Peter Dolding oiaohm at gmail.com
Wed Apr 6 17:36:40 PDT 2011


I don't have the skill to implement this.    But I have been thinking about
the problem.  I have come up with a plan that could remove lot of the issues
OOM can cause and how  CGROUPS can stop it.  To me it makes sense.

Memory.oom_control provides
oom_kill_disable
and under_oom already.

Problem is these are really not what you call fine grained enough.

I have not looked at oom_kill_disable but I would hope this would limit
applications using oom_kill_disable only to be able to allocate as much
memory as the computer has.  If not this could be a nasty bug.  Over commit
and a process that cannot be killed by OOM is a really bad thing.

Really oom_control needs a oom selection order.

Basic description
memory.oom_order
This is the order of preference this cgroup will see the oom killer.  0
being default and last to be oom killed.    Highest numbers first.   So a
cgroup marked 2 will be have applications terminated before a cgroup marked
1  and 1 applications will be terminated before those marked 0.   Also I
would restrict oom disable setting only to oom_order number 0.  This allows
users and distributions to have full control over what order application
groups disappear.  This also removes the random shot gun like effect OOM
killer can have without requiring per application tweaking or basically
blocking the OOM Killer from being able to work.  Since less critical
processes should go first less risk of system issues.

Yes I find it strange applications have a preference order to be killed
assigned but cgroup does not have one at this stage.

 Also I would consider making everything at oom_order 0 unable to
over-commit memory since it is what should work no matter what.  This would
be a change from past but no different to if system admin had turned
over-commit off system wide.   So allowing over-commit to be turned on
selectively group by group by raising the groups order.  Effect also putting
the applications using over-commit up to be taken out by the oom killer
first to save the applications that did not over-commit that are critical to
system operations.

This way adding this flag does not cause any backwards compatibility issues
since not changing it the system acts exactly how it use to.

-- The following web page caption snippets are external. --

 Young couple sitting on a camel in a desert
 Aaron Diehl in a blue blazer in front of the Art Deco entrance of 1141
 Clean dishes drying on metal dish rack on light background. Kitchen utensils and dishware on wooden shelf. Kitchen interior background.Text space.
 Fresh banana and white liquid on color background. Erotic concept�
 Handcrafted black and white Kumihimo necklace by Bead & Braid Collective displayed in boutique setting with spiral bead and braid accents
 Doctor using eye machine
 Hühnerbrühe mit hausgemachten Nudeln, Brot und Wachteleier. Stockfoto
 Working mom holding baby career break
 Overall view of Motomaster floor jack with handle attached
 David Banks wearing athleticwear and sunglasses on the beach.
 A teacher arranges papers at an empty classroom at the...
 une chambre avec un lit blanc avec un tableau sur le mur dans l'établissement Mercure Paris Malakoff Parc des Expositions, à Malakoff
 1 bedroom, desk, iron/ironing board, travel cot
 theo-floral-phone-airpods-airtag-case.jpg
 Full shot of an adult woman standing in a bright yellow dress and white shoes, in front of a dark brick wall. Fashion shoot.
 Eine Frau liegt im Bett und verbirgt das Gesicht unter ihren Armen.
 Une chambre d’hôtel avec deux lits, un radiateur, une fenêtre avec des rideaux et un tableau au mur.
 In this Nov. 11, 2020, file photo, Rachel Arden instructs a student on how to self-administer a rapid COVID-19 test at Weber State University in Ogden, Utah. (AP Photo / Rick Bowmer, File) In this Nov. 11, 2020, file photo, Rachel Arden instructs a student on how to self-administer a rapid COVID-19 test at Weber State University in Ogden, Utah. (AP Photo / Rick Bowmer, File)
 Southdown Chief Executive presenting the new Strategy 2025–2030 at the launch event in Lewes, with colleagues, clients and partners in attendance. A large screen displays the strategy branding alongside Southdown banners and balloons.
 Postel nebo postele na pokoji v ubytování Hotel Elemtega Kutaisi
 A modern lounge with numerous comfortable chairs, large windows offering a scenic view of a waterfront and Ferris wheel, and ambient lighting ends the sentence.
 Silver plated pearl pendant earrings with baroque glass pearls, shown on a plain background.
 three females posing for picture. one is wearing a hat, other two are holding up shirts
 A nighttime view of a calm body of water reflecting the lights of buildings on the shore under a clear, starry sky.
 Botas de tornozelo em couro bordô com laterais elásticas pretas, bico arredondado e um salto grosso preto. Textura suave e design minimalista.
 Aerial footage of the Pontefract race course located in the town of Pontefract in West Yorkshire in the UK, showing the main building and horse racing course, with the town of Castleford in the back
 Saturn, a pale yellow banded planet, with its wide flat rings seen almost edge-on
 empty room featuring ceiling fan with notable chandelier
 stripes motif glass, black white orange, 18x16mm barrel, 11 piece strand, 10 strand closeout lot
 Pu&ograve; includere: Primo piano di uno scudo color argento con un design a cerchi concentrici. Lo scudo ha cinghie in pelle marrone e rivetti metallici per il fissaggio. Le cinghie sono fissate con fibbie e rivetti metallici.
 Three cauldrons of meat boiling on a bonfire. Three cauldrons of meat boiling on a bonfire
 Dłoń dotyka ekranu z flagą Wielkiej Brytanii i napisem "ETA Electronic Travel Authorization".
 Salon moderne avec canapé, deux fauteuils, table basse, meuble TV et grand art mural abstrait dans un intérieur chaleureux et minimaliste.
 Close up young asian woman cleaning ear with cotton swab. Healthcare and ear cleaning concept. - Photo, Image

Next is oom termination style. under_oom might be able to take these flags.

Some cases inside a cgroup you will not want the oom cherry picking.  Since
by cherry picking a task oom kills may be just restarted so returning you to
another oom event.  So a flag to say to the oom killer if you need memory
terminate everything in this cgroup at once.  This maybe able to speed up
oom killer getting back memory as well.  That a cgroup has been terminated
this way a message would have to remain for systemd and the like to know
why.  So an attempt at restarting the cgroup is not done while resources are
low.

At this stage as far I know you cannot assign a decanted swapfile to a
cgroup so having the option to suspend a cgroup to disk in case of large
memory pressure or cpu pressure automatically could not be done.

These setting combined with systemd should be able to make unplanned OOM
events less common.  Hopefully a never event.